EXERCISE DESCRIPTION
Only the lines of the data below from the one with "钻石疫情最新：揭秘这场璀璨却隐秘的健康风暴" through the one with "LE TEST DE CONCORDANCE" are wanted. Repeat them exactly.

RAW DATA
##########

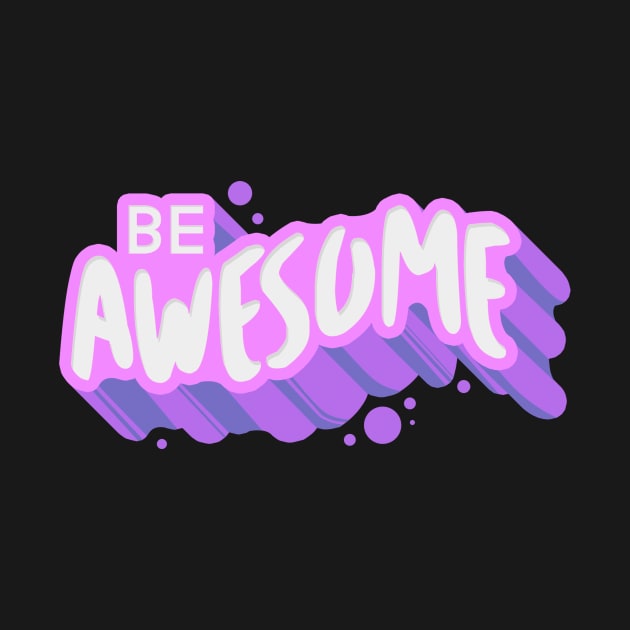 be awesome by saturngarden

##########

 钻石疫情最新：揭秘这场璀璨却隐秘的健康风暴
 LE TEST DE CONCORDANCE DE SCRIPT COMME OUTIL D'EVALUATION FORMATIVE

##########

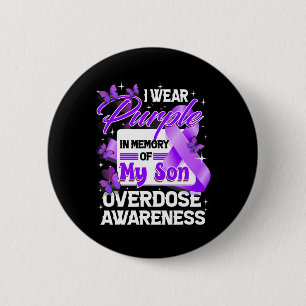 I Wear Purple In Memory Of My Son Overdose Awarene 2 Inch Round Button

##########

THE COMPLETED TASK
 钻石疫情最新：揭秘这场璀璨却隐秘的健康风暴
 LE TEST DE CONCORDANCE DE SCRIPT COMME OUTIL D'EVALUATION FORMATIVE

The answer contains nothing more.